How do I get the application exit code from a Windows command line?

I am running a program and want to see what its return code is (since it returns different codes based on different errors).

I know in Bash I can do this by running

echo $?

What do I do when using cmd.exe on Windows?

Solution 1:

A pseudo environment variable named errorlevel stores the exit code:

echo Exit Code is %errorlevel%

Also, the if command has a special syntax:

if errorlevel

See if /? for details.

Example

@echo off
my_nify_exe.exe
if errorlevel 1 (
   echo Failure Reason Given is %errorlevel%
   exit /b %errorlevel%
)

Warning: If you set an environment variable name errorlevel, %errorlevel% will return that value and not the exit code. Use (set errorlevel=) to clear the environment variable, allowing access to the true value of errorlevel via the %errorlevel% environment variable.

Solution 2:

Testing ErrorLevel works for console applications, but as hinted at by dmihailescu, this won't work if you're trying to run a windowed application (e.g. Win32-based) from a command prompt. A windowed application will run in the background, and control will return immediately to the command prompt (most likely with an ErrorLevel of zero to indicate that the process was created successfully). When a windowed application eventually exits, its exit status is lost.
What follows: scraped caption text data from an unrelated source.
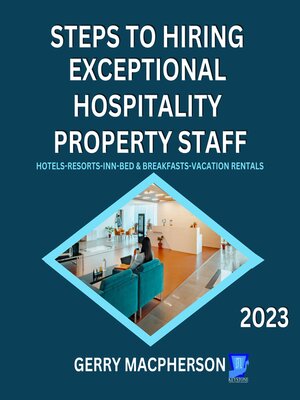 cover image of Steps to Hire Exceptional Hospitality Property Staff-2023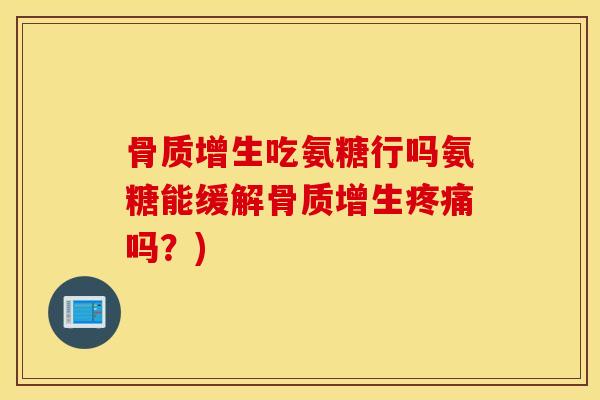 骨质增生吃氨糖行吗氨糖能缓解骨质增生疼痛吗？)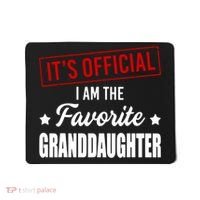 It's Official I Am The Favorite Granddaughter Mousepad thumb 0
Instead of using the console-based C++ launcher mentioned elsewhere, though, a simpler alternative is to start a windowed application using the command prompt's START /WAIT command. This will start the windowed application, wait for it to exit, and then return control to the command prompt with the exit status of the process set in ErrorLevel.

start /wait something.exe
echo %errorlevel%

Solution 3:

Use the built-in ERRORLEVEL Variable:

echo %ERRORLEVEL%

But beware if an application has defined an environment variable named ERRORLEVEL!

Solution 4:

If you want to match the error code exactly (eg equals 0), use this:

@echo off
my_nify_exe.exe
if %ERRORLEVEL% EQU 0 (
   echo Success
) else (
   echo Failure Reason Given is %errorlevel%
   exit /b %errorlevel%
)

if errorlevel 0 matches errorlevel >= 0. See if /?.